A misty trail climbing the volcanic slopes of the Kirishima range, a crater lake visible far below through drifting cloud

Nearby stands Mount Takachiho-no-mine, the mythic peak where the god is said to have descended, its summit still crowned by a replica of the legendary spear. We didn’t have the weather to climb it, but we watched it emerge from the mist for a few minutes — a perfect dark cone — and then disappear again, which felt somehow more fitting than a clear view would have. The trails up here are exposed and the volcanoes genuinely active, so some are closed at any given time; even the short stretch we walked left us breathless, ash underfoot and the whole range breathing cloud around us.

Kirishima Shrine

Back down in the forest sits Kirishima-jingū, the shrine dedicated to that descending god, and it is one of the most atmospheric we visited anywhere in Japan. You approach through towering old cedars, the air cool and green and resinous, and emerge at a vivid vermilion shrine set against the mountainside.

The vermilion buildings of Kirishima-jingū shrine set among towering cedar trees on the forested mountainside

The current buildings are three centuries old, rebuilt after eruptions destroyed the earlier ones further up the mountain — even the shrine has been chased downhill by the volcanoes over the ages. We arrived as a Shinto priest was performing a ceremony, the sound of a drum carrying through the cedars, and stood at the back watching the smoke of incense rise. Lia lit a stick and left it burning at the rail. There is a giant sacred cedar in the grounds said to be eight hundred years old, and standing beneath it in that hushed, dim, myth-heavy air, I felt further from the modern world than almost anywhere on our trip.

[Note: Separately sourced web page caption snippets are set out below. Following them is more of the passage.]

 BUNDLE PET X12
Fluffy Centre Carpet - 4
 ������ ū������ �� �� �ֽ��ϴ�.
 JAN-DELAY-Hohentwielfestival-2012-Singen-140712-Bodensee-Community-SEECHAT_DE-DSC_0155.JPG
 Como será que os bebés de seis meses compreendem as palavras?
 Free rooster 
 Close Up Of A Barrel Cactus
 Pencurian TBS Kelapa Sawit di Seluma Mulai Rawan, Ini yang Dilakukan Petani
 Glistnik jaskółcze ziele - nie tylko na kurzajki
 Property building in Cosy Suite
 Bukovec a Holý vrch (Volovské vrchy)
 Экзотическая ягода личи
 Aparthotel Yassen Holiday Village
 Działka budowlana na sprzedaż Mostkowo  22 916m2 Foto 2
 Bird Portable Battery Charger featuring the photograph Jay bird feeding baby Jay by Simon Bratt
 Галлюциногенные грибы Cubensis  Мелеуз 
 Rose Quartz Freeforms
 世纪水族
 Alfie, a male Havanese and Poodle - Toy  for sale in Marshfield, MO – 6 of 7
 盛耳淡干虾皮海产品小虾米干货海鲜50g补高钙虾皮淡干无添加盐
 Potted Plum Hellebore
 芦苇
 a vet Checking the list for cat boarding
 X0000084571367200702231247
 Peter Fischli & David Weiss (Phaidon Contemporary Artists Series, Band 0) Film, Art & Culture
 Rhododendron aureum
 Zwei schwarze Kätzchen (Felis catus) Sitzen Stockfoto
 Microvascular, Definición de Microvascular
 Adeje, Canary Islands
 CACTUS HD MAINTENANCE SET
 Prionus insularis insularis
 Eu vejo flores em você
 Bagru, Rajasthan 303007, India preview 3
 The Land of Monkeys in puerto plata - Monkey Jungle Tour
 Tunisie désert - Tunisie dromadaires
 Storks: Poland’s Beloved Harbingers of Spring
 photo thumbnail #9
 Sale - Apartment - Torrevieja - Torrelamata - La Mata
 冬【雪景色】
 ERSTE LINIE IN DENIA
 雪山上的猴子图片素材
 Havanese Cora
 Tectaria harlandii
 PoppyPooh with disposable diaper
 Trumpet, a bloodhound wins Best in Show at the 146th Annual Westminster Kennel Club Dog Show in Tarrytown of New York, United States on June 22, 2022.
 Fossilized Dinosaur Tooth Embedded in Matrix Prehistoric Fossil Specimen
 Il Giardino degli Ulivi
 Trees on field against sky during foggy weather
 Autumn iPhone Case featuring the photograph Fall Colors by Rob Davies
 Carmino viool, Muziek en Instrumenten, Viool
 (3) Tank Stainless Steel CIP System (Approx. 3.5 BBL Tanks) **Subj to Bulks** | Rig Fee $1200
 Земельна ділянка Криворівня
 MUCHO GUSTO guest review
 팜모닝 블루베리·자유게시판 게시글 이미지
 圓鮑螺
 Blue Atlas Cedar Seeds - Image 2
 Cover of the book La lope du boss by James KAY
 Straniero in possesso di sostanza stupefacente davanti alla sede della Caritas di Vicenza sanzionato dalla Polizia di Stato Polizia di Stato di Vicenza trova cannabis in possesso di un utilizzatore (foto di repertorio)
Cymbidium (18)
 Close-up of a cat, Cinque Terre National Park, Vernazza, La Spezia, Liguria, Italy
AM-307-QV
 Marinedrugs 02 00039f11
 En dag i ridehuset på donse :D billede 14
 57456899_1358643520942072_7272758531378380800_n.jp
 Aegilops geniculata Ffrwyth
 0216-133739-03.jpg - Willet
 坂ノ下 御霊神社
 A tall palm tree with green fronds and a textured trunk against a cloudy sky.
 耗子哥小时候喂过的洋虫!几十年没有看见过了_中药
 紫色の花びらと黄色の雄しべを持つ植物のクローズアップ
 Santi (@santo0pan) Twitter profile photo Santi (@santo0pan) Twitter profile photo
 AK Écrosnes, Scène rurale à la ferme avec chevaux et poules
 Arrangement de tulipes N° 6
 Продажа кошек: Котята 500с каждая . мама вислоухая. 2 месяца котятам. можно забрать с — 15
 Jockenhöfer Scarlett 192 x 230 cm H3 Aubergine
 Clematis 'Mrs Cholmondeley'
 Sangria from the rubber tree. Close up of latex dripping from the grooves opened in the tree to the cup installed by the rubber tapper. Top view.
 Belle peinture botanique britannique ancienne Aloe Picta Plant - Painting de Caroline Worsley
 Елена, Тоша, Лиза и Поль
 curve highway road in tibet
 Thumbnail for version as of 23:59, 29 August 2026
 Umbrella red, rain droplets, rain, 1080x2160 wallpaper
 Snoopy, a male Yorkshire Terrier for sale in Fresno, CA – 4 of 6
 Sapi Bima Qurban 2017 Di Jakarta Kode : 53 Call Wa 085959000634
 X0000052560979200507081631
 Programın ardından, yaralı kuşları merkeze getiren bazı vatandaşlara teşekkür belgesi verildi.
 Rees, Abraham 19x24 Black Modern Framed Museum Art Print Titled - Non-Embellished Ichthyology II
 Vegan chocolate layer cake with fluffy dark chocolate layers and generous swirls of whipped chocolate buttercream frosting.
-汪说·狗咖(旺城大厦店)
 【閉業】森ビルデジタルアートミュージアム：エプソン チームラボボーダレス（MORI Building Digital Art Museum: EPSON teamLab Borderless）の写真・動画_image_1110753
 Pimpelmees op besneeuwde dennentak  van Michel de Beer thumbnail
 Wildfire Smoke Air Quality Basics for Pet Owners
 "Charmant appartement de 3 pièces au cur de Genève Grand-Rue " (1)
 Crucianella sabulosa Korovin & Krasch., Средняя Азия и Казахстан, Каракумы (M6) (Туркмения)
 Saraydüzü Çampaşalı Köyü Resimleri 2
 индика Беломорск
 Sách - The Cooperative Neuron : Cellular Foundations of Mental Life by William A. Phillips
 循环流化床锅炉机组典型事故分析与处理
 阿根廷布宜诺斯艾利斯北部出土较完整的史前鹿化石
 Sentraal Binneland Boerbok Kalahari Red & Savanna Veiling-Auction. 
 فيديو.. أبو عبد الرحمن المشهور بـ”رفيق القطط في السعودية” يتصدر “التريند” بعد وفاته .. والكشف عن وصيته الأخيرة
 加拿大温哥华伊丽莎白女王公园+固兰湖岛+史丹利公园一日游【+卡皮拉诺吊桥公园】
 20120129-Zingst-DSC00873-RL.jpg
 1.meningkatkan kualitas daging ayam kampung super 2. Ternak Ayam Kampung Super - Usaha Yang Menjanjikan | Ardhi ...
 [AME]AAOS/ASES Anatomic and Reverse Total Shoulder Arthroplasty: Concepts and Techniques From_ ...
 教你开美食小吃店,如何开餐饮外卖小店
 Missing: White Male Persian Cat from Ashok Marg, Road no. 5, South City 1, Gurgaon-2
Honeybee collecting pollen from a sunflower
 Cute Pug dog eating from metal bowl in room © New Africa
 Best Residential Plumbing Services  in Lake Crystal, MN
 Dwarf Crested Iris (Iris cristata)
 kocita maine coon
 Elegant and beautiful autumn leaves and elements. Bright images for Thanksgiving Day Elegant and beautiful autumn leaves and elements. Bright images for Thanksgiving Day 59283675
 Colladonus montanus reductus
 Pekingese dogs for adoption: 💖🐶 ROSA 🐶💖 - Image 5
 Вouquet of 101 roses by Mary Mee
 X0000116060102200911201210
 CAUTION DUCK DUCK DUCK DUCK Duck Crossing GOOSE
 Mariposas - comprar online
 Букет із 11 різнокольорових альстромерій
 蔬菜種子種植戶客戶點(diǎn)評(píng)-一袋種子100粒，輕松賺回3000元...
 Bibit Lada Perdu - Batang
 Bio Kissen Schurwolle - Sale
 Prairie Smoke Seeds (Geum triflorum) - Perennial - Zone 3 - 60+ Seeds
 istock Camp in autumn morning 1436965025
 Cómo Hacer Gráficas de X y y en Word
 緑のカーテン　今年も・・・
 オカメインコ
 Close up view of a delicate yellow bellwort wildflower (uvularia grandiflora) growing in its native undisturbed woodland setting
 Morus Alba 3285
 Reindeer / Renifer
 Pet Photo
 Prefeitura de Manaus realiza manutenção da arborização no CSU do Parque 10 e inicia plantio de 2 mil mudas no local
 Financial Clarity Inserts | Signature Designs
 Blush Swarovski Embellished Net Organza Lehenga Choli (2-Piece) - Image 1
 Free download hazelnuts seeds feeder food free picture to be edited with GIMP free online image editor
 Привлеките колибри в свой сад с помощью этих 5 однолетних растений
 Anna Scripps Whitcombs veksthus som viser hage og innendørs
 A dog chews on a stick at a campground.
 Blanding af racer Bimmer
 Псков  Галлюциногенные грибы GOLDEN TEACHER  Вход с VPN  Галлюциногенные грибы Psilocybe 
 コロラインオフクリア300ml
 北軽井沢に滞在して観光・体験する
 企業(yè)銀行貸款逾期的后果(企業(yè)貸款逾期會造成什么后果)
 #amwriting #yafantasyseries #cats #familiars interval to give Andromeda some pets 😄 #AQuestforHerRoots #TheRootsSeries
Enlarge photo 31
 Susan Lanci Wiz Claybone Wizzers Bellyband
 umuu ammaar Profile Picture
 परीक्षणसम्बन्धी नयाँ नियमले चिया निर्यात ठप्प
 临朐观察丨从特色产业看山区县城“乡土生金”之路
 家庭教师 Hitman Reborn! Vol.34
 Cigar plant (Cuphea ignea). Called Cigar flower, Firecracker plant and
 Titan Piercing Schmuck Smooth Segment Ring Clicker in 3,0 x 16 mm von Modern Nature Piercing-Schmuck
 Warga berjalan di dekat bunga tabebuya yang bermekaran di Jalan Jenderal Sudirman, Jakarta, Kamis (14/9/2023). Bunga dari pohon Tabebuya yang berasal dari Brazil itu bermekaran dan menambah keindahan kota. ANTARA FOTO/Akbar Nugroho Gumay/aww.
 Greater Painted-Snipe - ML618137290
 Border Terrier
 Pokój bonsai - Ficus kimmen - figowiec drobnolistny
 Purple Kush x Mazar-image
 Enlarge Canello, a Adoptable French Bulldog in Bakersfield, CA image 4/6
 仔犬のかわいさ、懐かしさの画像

Hot Springs Below the Mountains

All those volcanoes make for extraordinary hot springs, and we ended each day in one. The area is dotted with onsen — some grand, some just a steaming bath behind a farmhouse — and the water runs the full range from milky sulphur to clear iron-rich brown.

A steaming open-air hot-spring bath set among trees on the forested lower slopes of Kirishima, mountains rising beyond

We stayed at a small inn near Maruo, where an outdoor bath sat right at the forest edge, and I soaked there in the last light with steam rising to meet the descending mist, aching from the day’s climb. A little further off, a whole hot waterfall — geothermally heated — pours down the rocks, and locals bathe in the pools below it. Lia and I shared the inn’s bath alone as the dark came down, the smell of sulphur and cedar on the air, the mountains of the gods invisible above us in the cloud. It was, we agreed, the most complete kind of tired.

Getting There

Kirishima straddles the border of Kagoshima and Miyazaki prefectures in southern Kyūshū. The usual gateway is Kirishima-jingū Station on the local line, reached via Kagoshima-Chūō, which sits on the Kyūshū Shinkansen (around one and a half hours from Fukuoka). From the station, buses run up to the shrine, the hot-spring villages, and the trailheads, though the mountains open up far more easily with a rental car. Kagoshima Airport is actually the closest hub of all — only about fifteen minutes from the lower hot-spring resorts — making Kirishima an easy first or last stop in the far south. Check trail and volcano conditions before hiking, as the higher peaks close when activity rises.